#### Task requirements
The records below must be transcribed precisely and in full.

Provided information: Begin

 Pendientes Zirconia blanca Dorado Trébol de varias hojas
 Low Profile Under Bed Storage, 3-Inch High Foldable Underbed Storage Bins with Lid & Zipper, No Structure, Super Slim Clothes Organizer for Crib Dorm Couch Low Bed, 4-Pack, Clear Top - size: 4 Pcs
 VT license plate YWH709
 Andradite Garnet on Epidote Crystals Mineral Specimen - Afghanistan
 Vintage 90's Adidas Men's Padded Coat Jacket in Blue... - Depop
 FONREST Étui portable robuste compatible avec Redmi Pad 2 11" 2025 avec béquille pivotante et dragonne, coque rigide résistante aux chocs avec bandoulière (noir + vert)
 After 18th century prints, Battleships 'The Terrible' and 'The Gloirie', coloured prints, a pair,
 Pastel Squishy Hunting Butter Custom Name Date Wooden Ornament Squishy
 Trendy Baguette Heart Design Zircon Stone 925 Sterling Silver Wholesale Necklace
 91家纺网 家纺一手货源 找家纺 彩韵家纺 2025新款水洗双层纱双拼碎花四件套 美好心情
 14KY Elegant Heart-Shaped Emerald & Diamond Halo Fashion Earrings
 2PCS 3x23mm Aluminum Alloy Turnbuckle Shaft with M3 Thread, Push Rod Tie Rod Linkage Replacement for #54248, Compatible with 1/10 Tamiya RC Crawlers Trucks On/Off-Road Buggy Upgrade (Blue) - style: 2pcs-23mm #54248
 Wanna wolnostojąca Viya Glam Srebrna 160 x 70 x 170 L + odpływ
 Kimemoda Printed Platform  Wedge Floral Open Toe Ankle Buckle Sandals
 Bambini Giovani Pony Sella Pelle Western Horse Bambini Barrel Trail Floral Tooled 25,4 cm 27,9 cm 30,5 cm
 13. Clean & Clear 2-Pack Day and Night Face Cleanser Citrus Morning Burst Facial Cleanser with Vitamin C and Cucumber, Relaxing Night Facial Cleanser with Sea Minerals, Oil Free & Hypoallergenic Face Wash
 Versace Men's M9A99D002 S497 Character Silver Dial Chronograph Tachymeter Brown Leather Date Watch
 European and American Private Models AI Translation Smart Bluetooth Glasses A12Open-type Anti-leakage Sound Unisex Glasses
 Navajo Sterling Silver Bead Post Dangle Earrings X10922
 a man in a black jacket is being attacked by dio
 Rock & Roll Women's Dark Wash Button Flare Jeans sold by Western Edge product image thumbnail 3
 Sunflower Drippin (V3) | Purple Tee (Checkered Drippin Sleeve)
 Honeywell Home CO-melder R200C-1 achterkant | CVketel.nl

Provided information: End

#### Your solution
 Pendientes Zirconia blanca Dorado Trébol de varias hojas
 Low Profile Under Bed Storage, 3-Inch High Foldable Underbed Storage Bins with Lid & Zipper, No Structure, Super Slim Clothes Organizer for Crib Dorm Couch Low Bed, 4-Pack, Clear Top - size: 4 Pcs
 VT license plate YWH709
 Andradite Garnet on Epidote Crystals Mineral Specimen - Afghanistan
 Vintage 90's Adidas Men's Padded Coat Jacket in Blue... - Depop
 FONREST Étui portable robuste compatible avec Redmi Pad 2 11" 2025 avec béquille pivotante et dragonne, coque rigide résistante aux chocs avec bandoulière (noir + vert)
 After 18th century prints, Battleships 'The Terrible' and 'The Gloirie', coloured prints, a pair,
 Pastel Squishy Hunting Butter Custom Name Date Wooden Ornament Squishy
 Trendy Baguette Heart Design Zircon Stone 925 Sterling Silver Wholesale Necklace
 91家纺网 家纺一手货源 找家纺 彩韵家纺 2025新款水洗双层纱双拼碎花四件套 美好心情
 14KY Elegant Heart-Shaped Emerald & Diamond Halo Fashion Earrings
 2PCS 3x23mm Aluminum Alloy Turnbuckle Shaft with M3 Thread, Push Rod Tie Rod Linkage Replacement for #54248, Compatible with 1/10 Tamiya RC Crawlers Trucks On/Off-Road Buggy Upgrade (Blue) - style: 2pcs-23mm #54248
 Wanna wolnostojąca Viya Glam Srebrna 160 x 70 x 170 L + odpływ
 Kimemoda Printed Platform  Wedge Floral Open Toe Ankle Buckle Sandals
 Bambini Giovani Pony Sella Pelle Western Horse Bambini Barrel Trail Floral Tooled 25,4 cm 27,9 cm 30,5 cm
 13. Clean & Clear 2-Pack Day and Night Face Cleanser Citrus Morning Burst Facial Cleanser with Vitamin C and Cucumber, Relaxing Night Facial Cleanser with Sea Minerals, Oil Free & Hypoallergenic Face Wash
 Versace Men's M9A99D002 S497 Character Silver Dial Chronograph Tachymeter Brown Leather Date Watch
 European and American Private Models AI Translation Smart Bluetooth Glasses A12Open-type Anti-leakage Sound Unisex Glasses
 Navajo Sterling Silver Bead Post Dangle Earrings X10922
 a man in a black jacket is being attacked by dio
 Rock & Roll Women's Dark Wash Button Flare Jeans sold by Western Edge product image thumbnail 3
 Sunflower Drippin (V3) | Purple Tee (Checkered Drippin Sleeve)
 Honeywell Home CO-melder R200C-1 achterkant | CVketel.nl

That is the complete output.